The data below should be transcribed in full, with no picture included.

Short text fragments from websites:
###
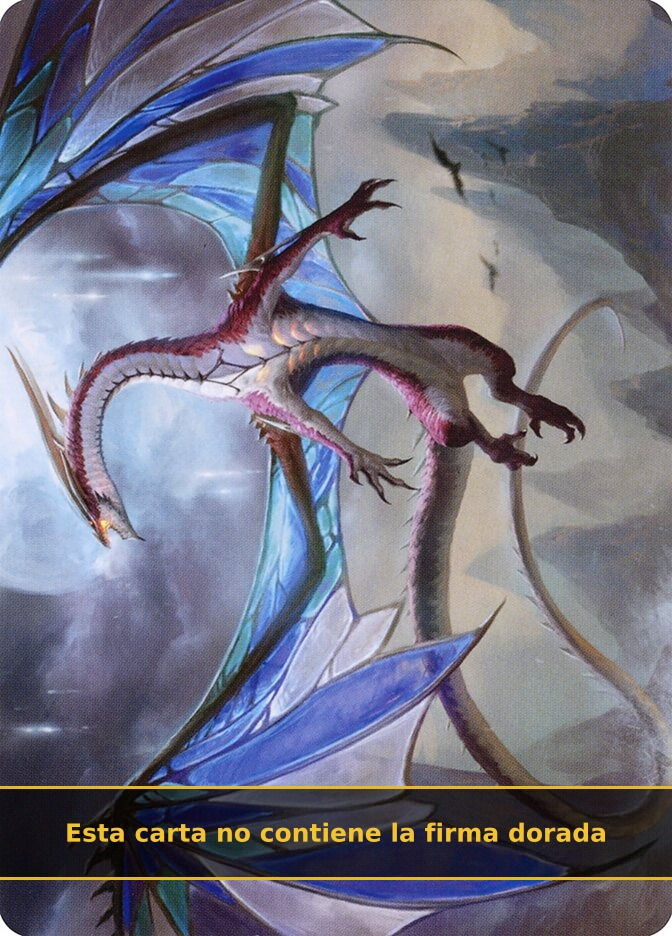 Moonveil Regent (AMID) (44) / No Firmada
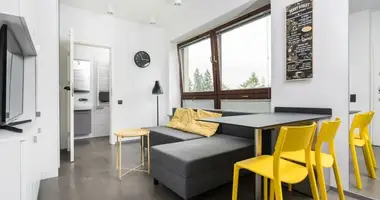 Apartamento 1 habitación en Cracovia, Polonia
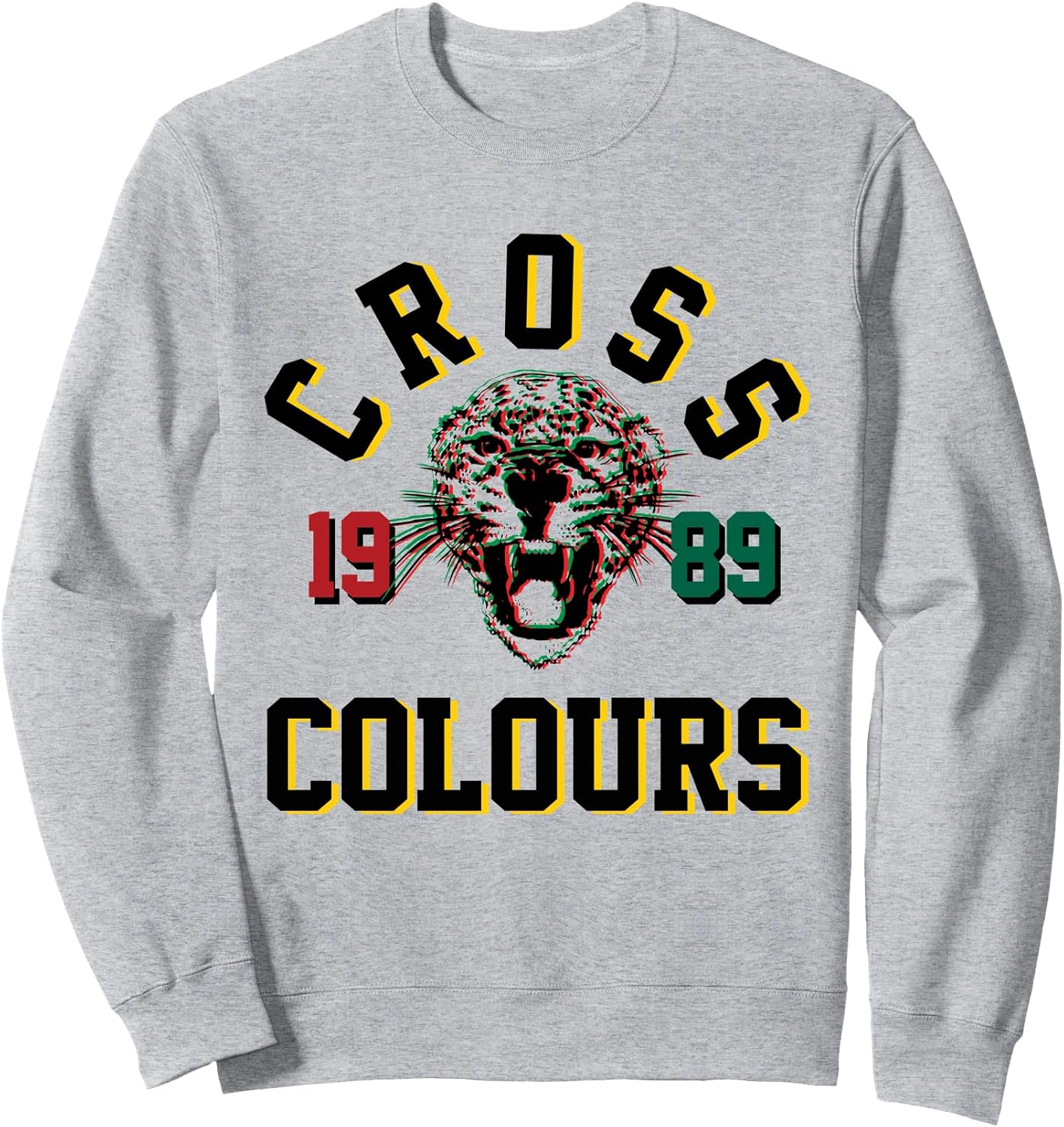 CROSS COLOURS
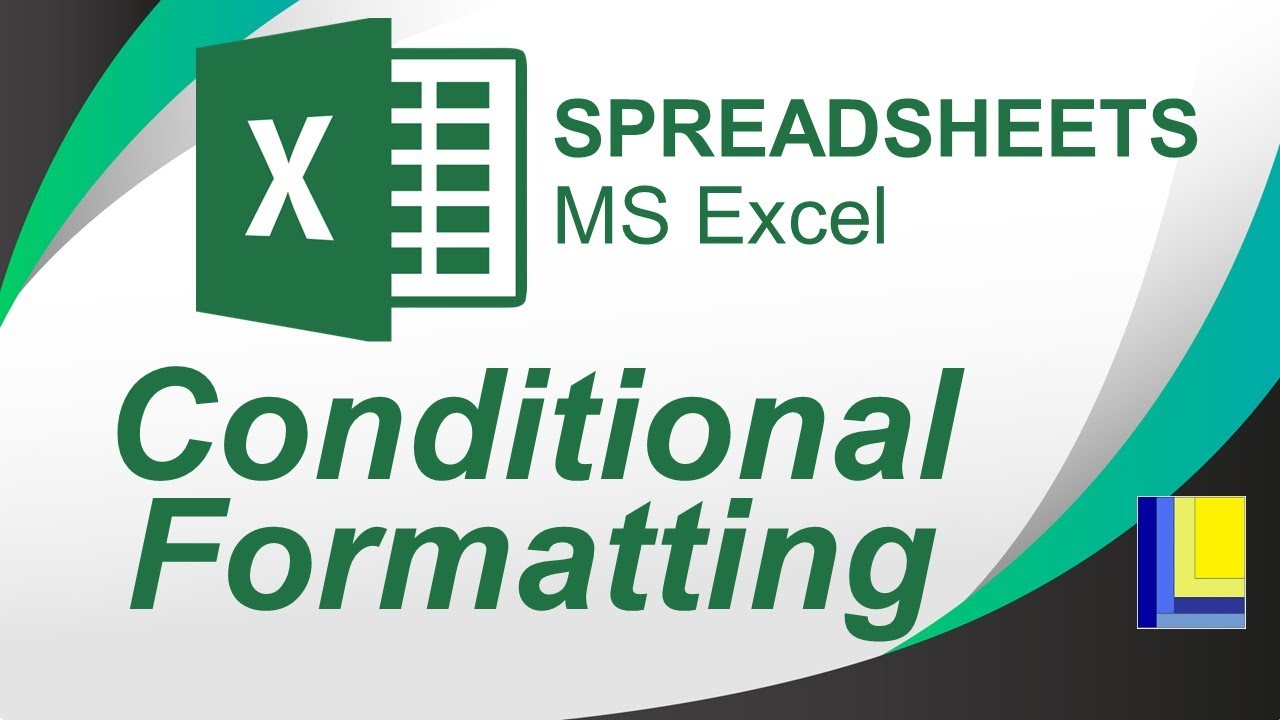 MS Excel | Условное форматирование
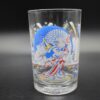 Set of 4 Vintage McDonald's Walt Disney World 25th Anniversary Glasses, Collectible Disney Glassware - Image 2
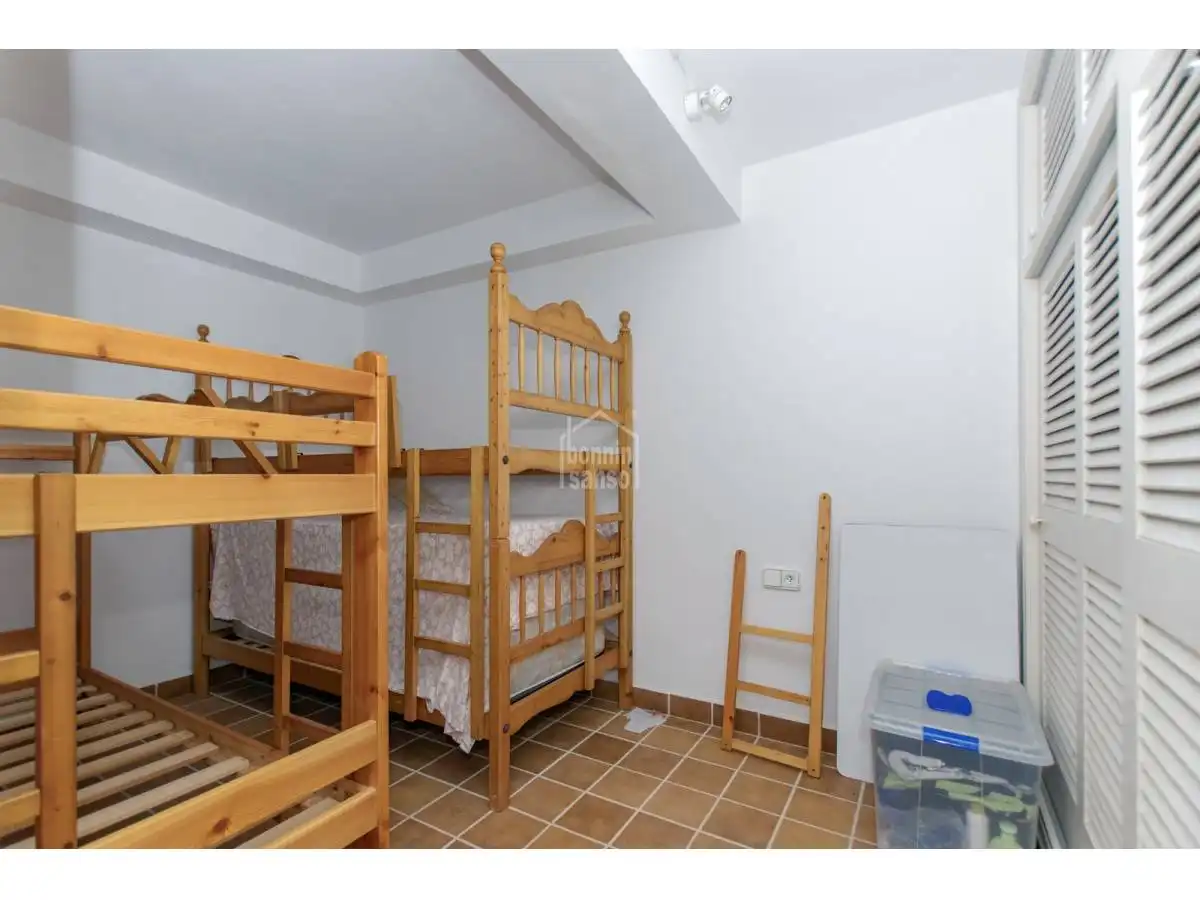 Apartments for sale in Cala en Porter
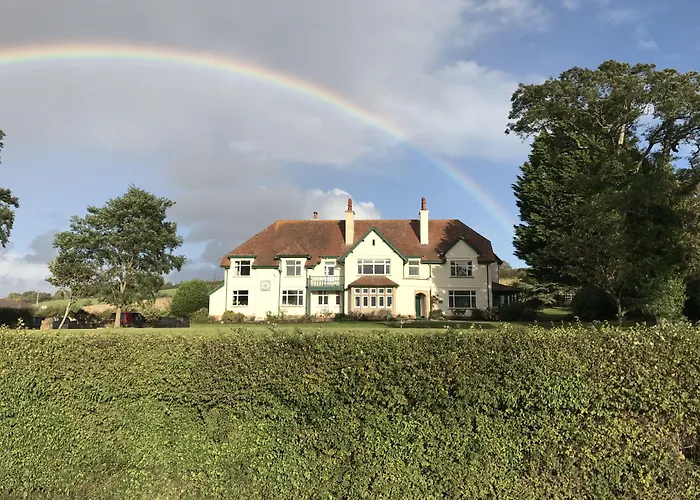 Cedar House Bed & Breakfast Minehead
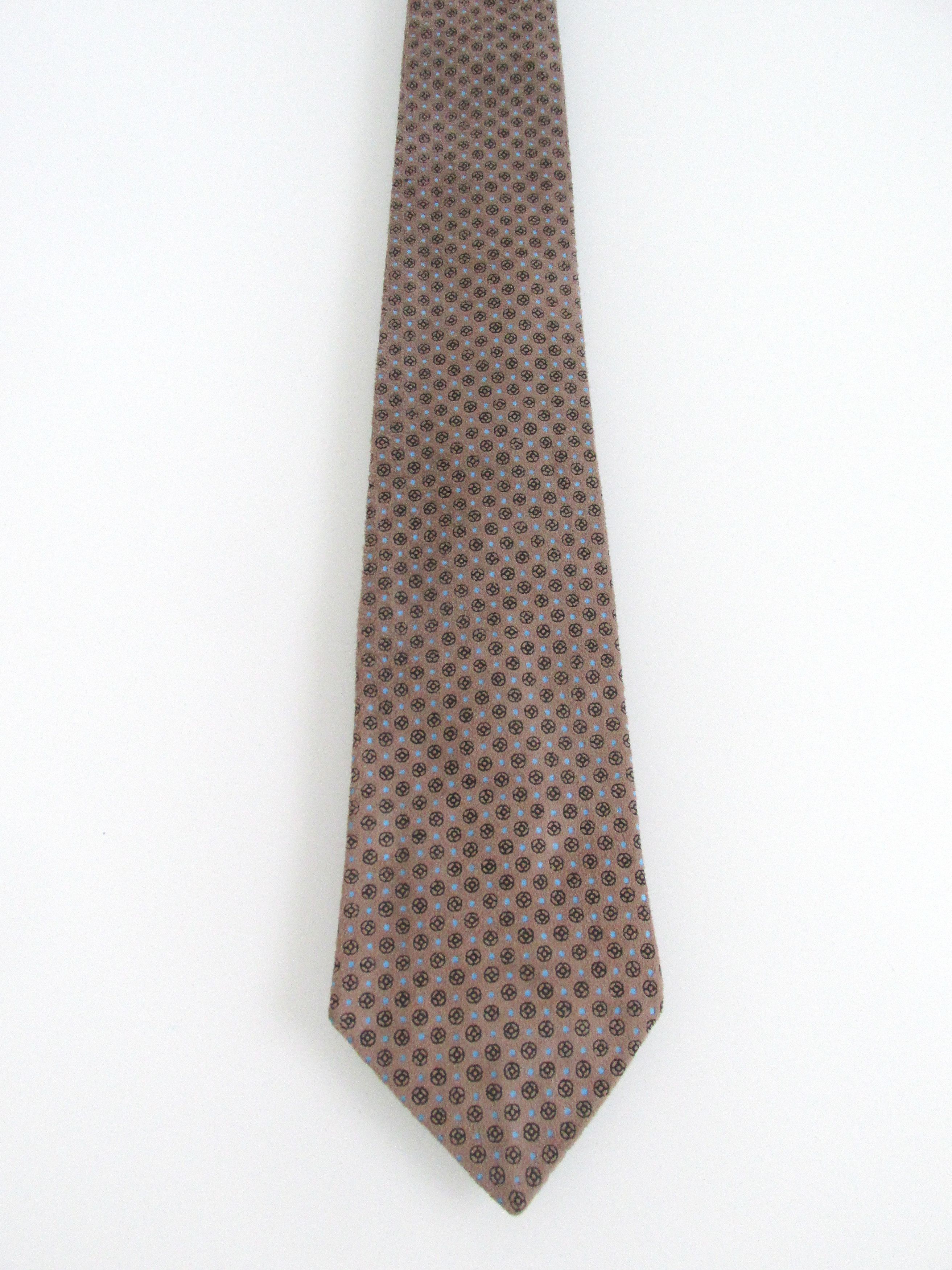Other Antevic Suede Men's Ties Size ONE SIZE - 2 Thumbnail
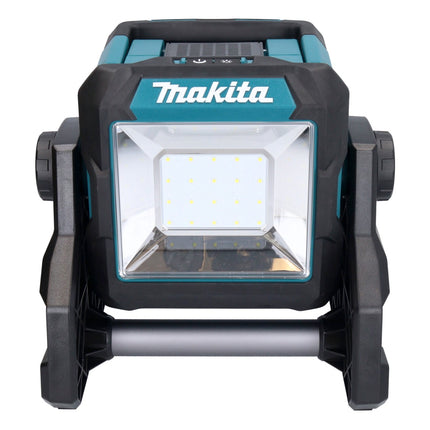 Makita ML003GM1 Akku LED Baustrahler 18 V / 40 V max. 1100 lm + 1x Akku 4,0 Ah - ohne Ladegerät
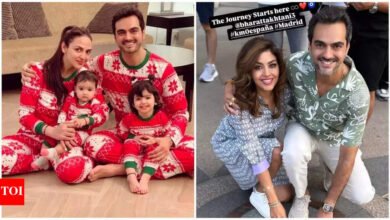 Meghna Lakshani, la presunta nueva compañera del esposo de Esha Deol, India Takhtani, es una empresaria que era la cabeza de múltiples startups. Noticias de la película hindi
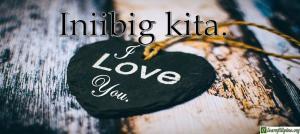 Tagalog Translation - I love you! - Iniibig kita!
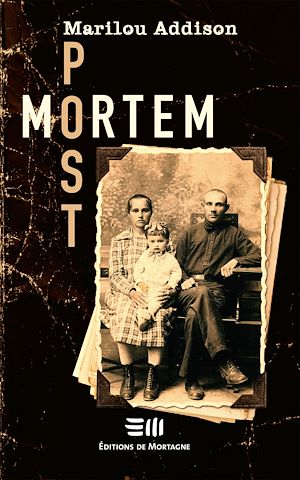 Téléchargez le livre :  Post mortem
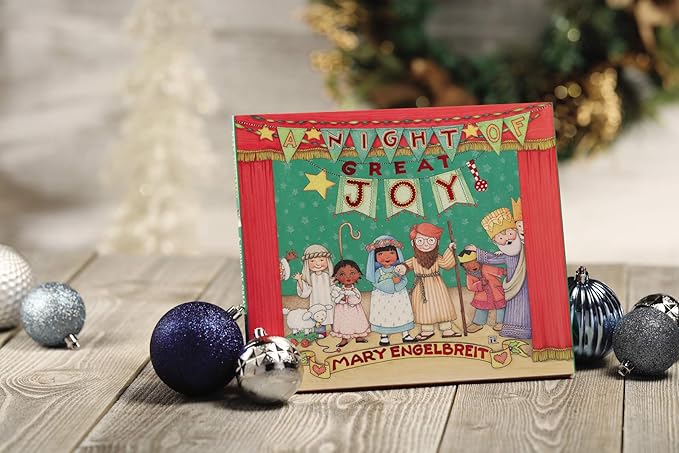 Night of Great Joy - Morning Star Christian Bookstores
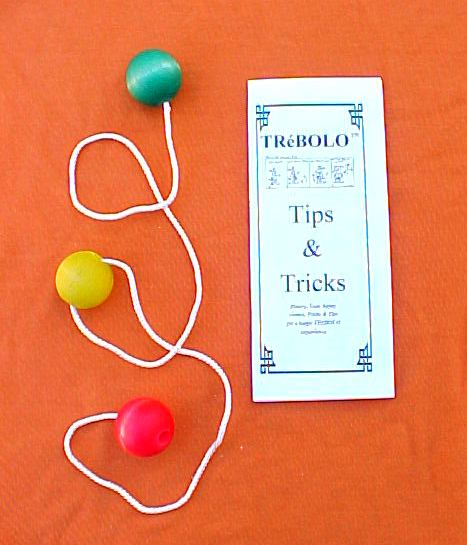 Trebolo & Tip Sheet
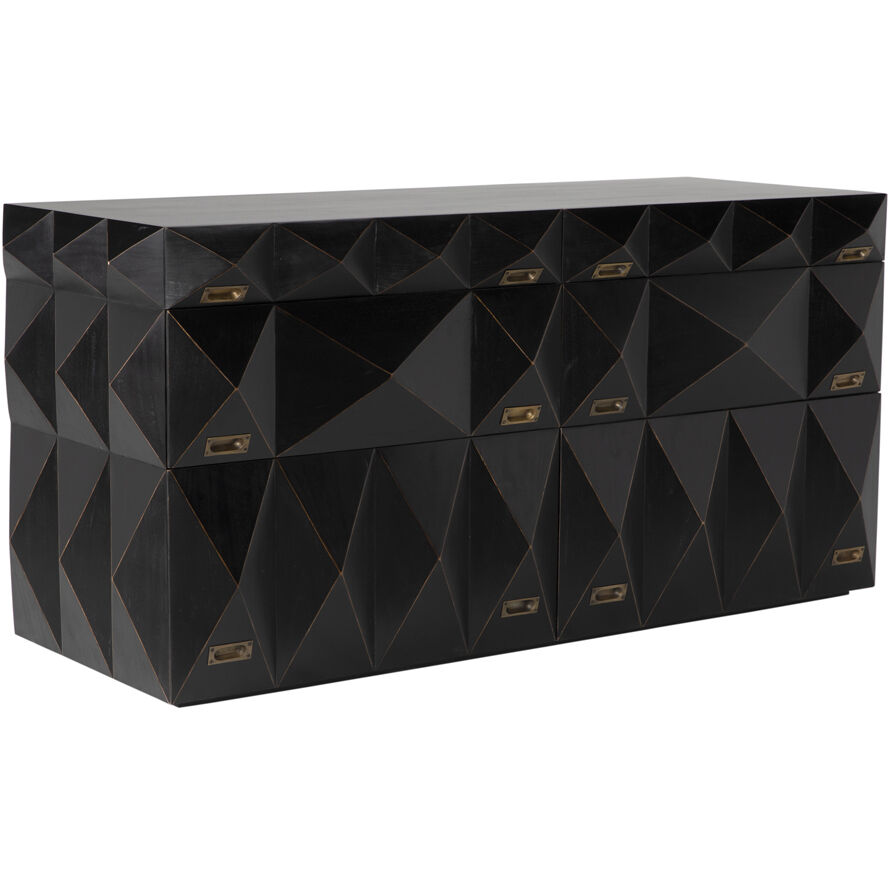 Allegra Dresser & Chest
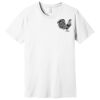 Unisex Jersey crew neck t-shirt Thumbnail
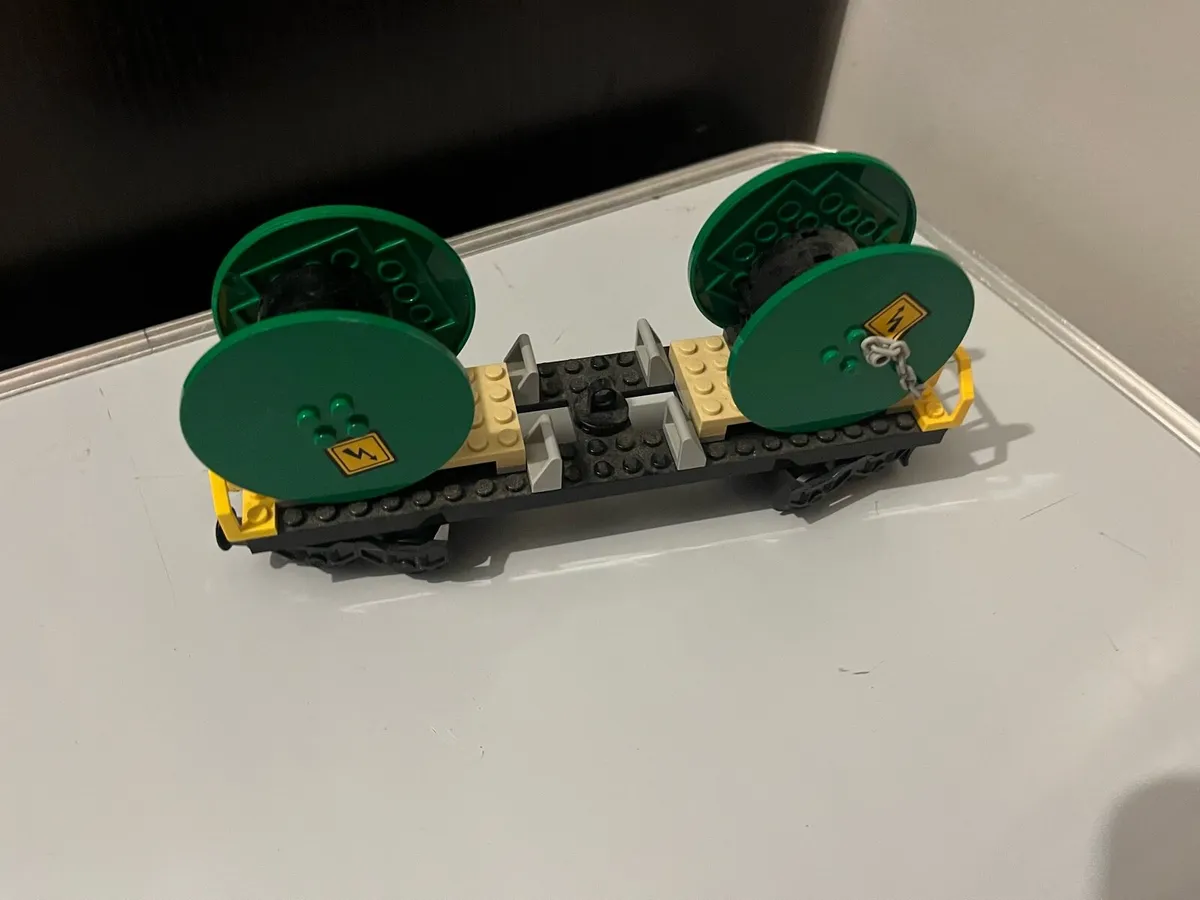 Lego train set - Image 4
###
Answer box:
 Moonveil Regent (AMID) (44) / No Firmada
 Apartamento 1 habitación en Cracovia, Polonia
 CROSS COLOURS
 MS Excel | Условное форматирование
 Set of 4 Vintage McDonald's Walt Disney World 25th Anniversary Glasses, Collectible Disney Glassware - Image 2
 Apartments for sale in Cala en Porter
 Cedar House Bed & Breakfast Minehead
Other Antevic Suede Men's Ties Size ONE SIZE - 2 Thumbnail
 Makita ML003GM1 Akku LED Baustrahler 18 V / 40 V max. 1100 lm + 1x Akku 4,0 Ah - ohne Ladegerät
 Meghna Lakshani, la presunta nueva compañera del esposo de Esha Deol, India Takhtani, es una empresaria que era la cabeza de múltiples startups. Noticias de la película hindi
 Tagalog Translation - I love you! - Iniibig kita!
 Téléchargez le livre :  Post mortem
 Night of Great Joy - Morning Star Christian Bookstores
 Trebolo & Tip Sheet
 Allegra Dresser & Chest
 Unisex Jersey crew neck t-shirt Thumbnail
 Lego train set - Image 4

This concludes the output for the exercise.